I just want to know. I want to know what to do.
It is highly unlikely that any of my children will struggle to breathe beneath an officer’s unfounded rage.
And yet I did have to register Jack with the police department in case he ever ran away or became belligerent or aggressive.
He, too, is earmarked—not by the color of his skin, but by the wiring in his brain.
When it comes to autism, there is no handbook. There are no written instructions. And I don’t believe there is one for how to universally dismantle racial stereotypes.
The thing is, I like action items. I like explicit expectations. I like to know what I can do—big, or very, very small.
Help me. Help me understand.
What do you want me to teach my children?
I mean, I teach them now about how people come in all shapes, sizes, and colors.
I teach them that kids like their brother Jack are different, and equal.
I teach them to listen between the lines.
We’ve learned that from Jack, you see, because autism is a listener’s language.

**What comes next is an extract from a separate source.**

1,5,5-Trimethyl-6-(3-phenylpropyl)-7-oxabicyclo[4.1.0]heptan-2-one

It requires you to sift through the words and look past the diagnosis, to the fire burning within his spirit.
He has a fire. He does. He has a fire unlike anything I have ever seen.

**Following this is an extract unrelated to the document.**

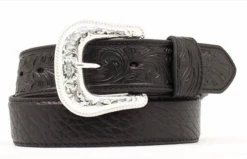 Nocona Mens Black Bullhide Belt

It’s true, when you see one person with autism, you’ve seen one person with autism.
And when you meet one black person, you’ve met one black person.
I believe the same goes for police officers.
It goes for all of us—we each have our own story of privilege and rage and shame and hope.
All we can do it hold it up in our upturned palms, and offer it to one another.
Ask. Share. Tell.
Maybe that’s what I’ll put on my t-shirt.

June 10, 2020 @ 7:52 am
Thanks Carrie! I am White. My family is White. My son (Jack) is a Spectrum. I do everything I can to protect every color he has. I do not try to change any of the tints or hues. However I spend my life trying to help him live with, succeed and thrive with each color he possesses. It is hard. I get tired. I wake up and go back to it. By day I am the Attorney for a city in Connecticut. I represent the police officers in any litigation brought against them and the taxpayers ( who pay). I also work with the police to help them understand how to deal with an Autistic person should they run into them. We have special training sessions for our officers and I assist. In Connecticut we have a ‘blue envelope’ program to help the situation should an autistic person get pulled over by the police. I am afraid for my son. I worry that he will not drop the item in his hand if commanded to do so. I try to tell the police that this is no defiance, it is just that letting go of it might be hard for my son on the Spectrum.
We need to understand that humans come in all colors -/ and we are all humans regardless of color.
http://www.news12.com/story/41569233/blue-envelope-program-makes-traffic-stops-easier-for-people-with-disabilities
June 22, 2020 @ 6:14 pm
Thanks for all you do for the community Jeffry
June 17, 2020 @ 5:55 pm
One of your best, Carrie. Thank you.
June 22, 2020 @ 6:20 pm
I was also brought up in a primarily white neighborhood. I attended a Catholic School for my primary education, then attended a public high school. I had one friend who was black. She was nice and was in Tall Flags with me. We went on bus rides and had competitions and spent the nights at summer camps. The only thing that was different that I noticed was she had a lot of products that she used in her hair. I had never seen that before.
My husband’s best friend is black. He is a good guy and was in my wedding. I attended his wedding 2 years ago. He married a white woman that had a grandson with autism. She is great and I’m so happy he found love at the age of 53 years old.
I’m sad about what is going on with the police violence. I believe we are in a time of change. I have hope that Black Lives will matter more to everyone and they can live their lives without fear.